Si los desvelos fueran riqueza, yo viviría en un palacio a la orilla de la luna. Desde mi ventana vería la luz derramarse graciosa sobre cada cosa que vuela y que se arrastra en el suelo. Sentiría la brisa sideral, anunciando las mañanas, salpicando estrellas en el dintel de mi ventana, con una música tan alegre que borbotearían las risas, como manantiales en labios de enamorados.
Viviría sonámbulo en un caminar despierto, mientras todos duermen, imaginando maneras de atreverme, a dejar que surjan siempre los impulsos que disuelvan las tribus de mi mente, los espacios de mi ignorancia. Y bailaría con la noche esbelta, envuelta en su manto oscuro y sus sonidos de misterio de cuentos, sombras y recuerdos. Lloverían entonces sobre mí, las manos de la ternura, los mimos maternales, las bocas sensuales, las carcajadas de niños en juego eterno.
Mi cuerpo se derrumbaría y en mi mente se abrirían todos los frascos, esos donde guarda uno las boberías del intelecto y el orgullo; la ironía, el sarcasmo, la agudeza mental, el cinismo. Todo ese empeño en destacarse uno mismo por sobre los demás, se escaparía como vapor de agua de la mente de par en par, al dejarme llevar por la noche esplendorosa, mis sombras diluidas en la sombra de las sombras, mi lado oscuro devorado por la oscuridad.
Y pasearían carruajes frente a mi palacio, con todas las doncellas bellas que se han vestido de mujer para ser, mientras caminan. Y todos esos nombres de tribus lejanas y desconocidas, vividas en este campo abierto comunicante de nuestra imaginación compartida: judíos, chiitas, suníes, kurdos, tarahumara, franceses, aztecas, mayas, masai, kikuyu, japoneses, chinos, tailandeses, y tantos, tantos cuyos nombres no recuerdo si es que alguna vez los supe.
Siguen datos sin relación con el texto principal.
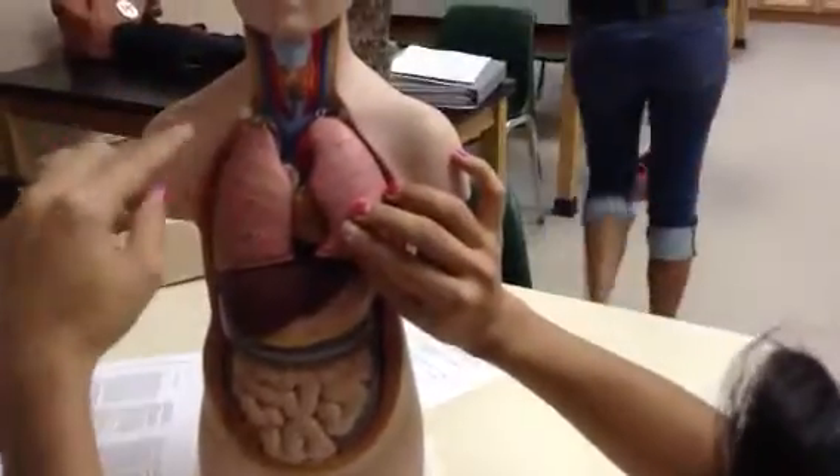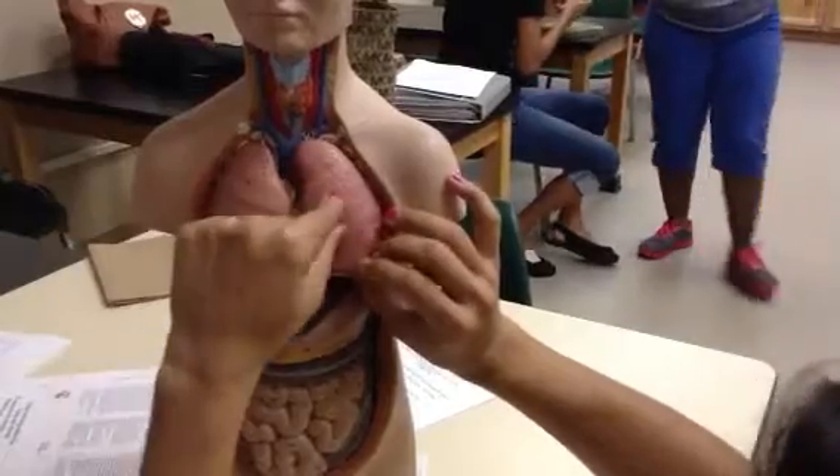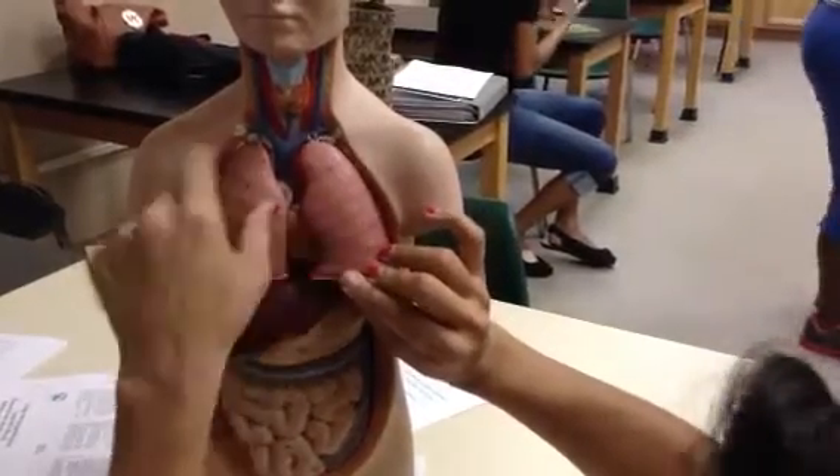This is supposed to be the lungs. We're supposed to know the three lobes here on the side of the tricuspid, and the two lobes here on the side of the bicuspid.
Pasarían todos aglomerados en caravana de carnaval, bailando, gimiendo, riendo, sufriendo, luchando, asesinando, justificando, adivinando, perdonando, amando, cada uno en su cuento.
Las noches de desvelo son orgiásticas cuando te sueño. Te desvisto, y desnudos nos abrazamos sin parar y nos devoramos hambrientos sin sábanas, ni porvenir, en una fiebre espiritual que nos arde entre las piernas y nos hace llover diluvios que ahogan toda la intemperie y olvidar lo que perece, ante el caudal de nuestras pasiones oscuras y derrelictas.
En desvelo recuento cada cosa que pasó, y cada uno a quien conocí, cada cosa que pensé, y que debí haber dicho, pero no. Cada sentimiento alborotado por los contratiempos del hablar el uno con los otros, cuando los enfoques y los sabores son diferentes y uno está tan aferrado, que ni lo siente y se entrega a la esgrima de palabras y conceptos, en un concierto de quién sabe más, aun sabiendo que nadie sabe nada.
Y cuán triste se siente entonces el corazón, cuando el abrazo del amigo se torna esquivo, porque ahora hubo un reproche, en ese derroche de la diversidad de opiniones sobre esto y aquello, que llovió sin mesura, cuando nos dimos al vuelo de afirmarnos separados, en este desvelo de vivir.
Si los desvelos fueran riqueza ya todo estaría perdonado, y viviríamos junto a la luna haciendo luz para derramar sobre las cosas maravillosas que se vislumbran cuando se alumbran con dedos dulces de fotón. Y haríamos risa de cada instante y la amargura sería un sabor inglés para ponerle a las bebidas con angostura. Bailaríamos rondas nocturnas anunciando el día y el vivir.
La existencia sería la esencia de cada mirada y cada recuerdo, las almohadas y las camas serían imaginarias para hacernos historias en el oído mientras bailábamos pegaditos los ritmos sensuales de la desnudez nocturna, en una tempestad de besos y caricias tan íntimas, tan profundas, tan genuinas, que cada una sería diferente y siempre igual a las demás.
Tanto gozaríamos en nuestros desvelos de amor, que despertaríamos al sol de su sueño de día y formaríamos una fiesta divina jamás imaginada antes, el sol y la luna bailando juntos a pasos de luz con la noche y nuestras almas, en una rondalla de fiesta, en un universo de nuevo concebido por nuestro amor sin fin.